### Aim of the task
Begin with the first line of the entries below and reproduce each line exactly, ending with the line that holds "buena calidad diferentes".

### Data to process
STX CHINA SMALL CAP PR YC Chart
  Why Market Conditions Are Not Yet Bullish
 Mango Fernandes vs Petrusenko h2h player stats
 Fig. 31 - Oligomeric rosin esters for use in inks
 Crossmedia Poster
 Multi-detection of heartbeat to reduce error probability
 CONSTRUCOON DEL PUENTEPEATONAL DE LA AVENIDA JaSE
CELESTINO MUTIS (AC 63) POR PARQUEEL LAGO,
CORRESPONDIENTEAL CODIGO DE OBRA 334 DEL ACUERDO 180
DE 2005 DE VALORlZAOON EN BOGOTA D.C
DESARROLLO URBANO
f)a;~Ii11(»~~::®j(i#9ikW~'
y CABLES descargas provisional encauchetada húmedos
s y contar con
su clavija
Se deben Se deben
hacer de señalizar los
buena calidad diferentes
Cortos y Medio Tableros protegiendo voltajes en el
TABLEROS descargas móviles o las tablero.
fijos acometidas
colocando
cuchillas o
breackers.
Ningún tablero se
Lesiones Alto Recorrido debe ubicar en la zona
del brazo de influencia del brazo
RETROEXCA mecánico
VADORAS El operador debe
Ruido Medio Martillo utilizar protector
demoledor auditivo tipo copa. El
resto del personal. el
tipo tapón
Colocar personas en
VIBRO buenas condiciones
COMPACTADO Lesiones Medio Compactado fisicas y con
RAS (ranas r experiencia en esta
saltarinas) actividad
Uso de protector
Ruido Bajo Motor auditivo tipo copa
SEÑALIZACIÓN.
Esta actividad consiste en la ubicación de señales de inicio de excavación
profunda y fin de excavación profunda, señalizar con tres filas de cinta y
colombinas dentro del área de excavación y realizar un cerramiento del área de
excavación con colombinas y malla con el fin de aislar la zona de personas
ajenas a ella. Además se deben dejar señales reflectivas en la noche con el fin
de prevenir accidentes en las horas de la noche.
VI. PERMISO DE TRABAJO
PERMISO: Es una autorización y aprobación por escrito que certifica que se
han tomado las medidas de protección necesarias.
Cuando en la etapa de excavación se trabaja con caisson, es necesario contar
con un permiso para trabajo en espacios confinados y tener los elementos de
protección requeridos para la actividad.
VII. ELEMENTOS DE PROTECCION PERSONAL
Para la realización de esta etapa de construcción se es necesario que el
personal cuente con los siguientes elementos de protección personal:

### Solution
STX CHINA SMALL CAP PR YC Chart
  Why Market Conditions Are Not Yet Bullish
 Mango Fernandes vs Petrusenko h2h player stats
 Fig. 31 - Oligomeric rosin esters for use in inks
 Crossmedia Poster
 Multi-detection of heartbeat to reduce error probability
 CONSTRUCOON DEL PUENTEPEATONAL DE LA AVENIDA JaSE
CELESTINO MUTIS (AC 63) POR PARQUEEL LAGO,
CORRESPONDIENTEAL CODIGO DE OBRA 334 DEL ACUERDO 180
DE 2005 DE VALORlZAOON EN BOGOTA D.C
DESARROLLO URBANO
f)a;~Ii11(»~~::®j(i#9ikW~'
y CABLES descargas provisional encauchetada húmedos
s y contar con
su clavija
Se deben Se deben
hacer de señalizar los
buena calidad diferentes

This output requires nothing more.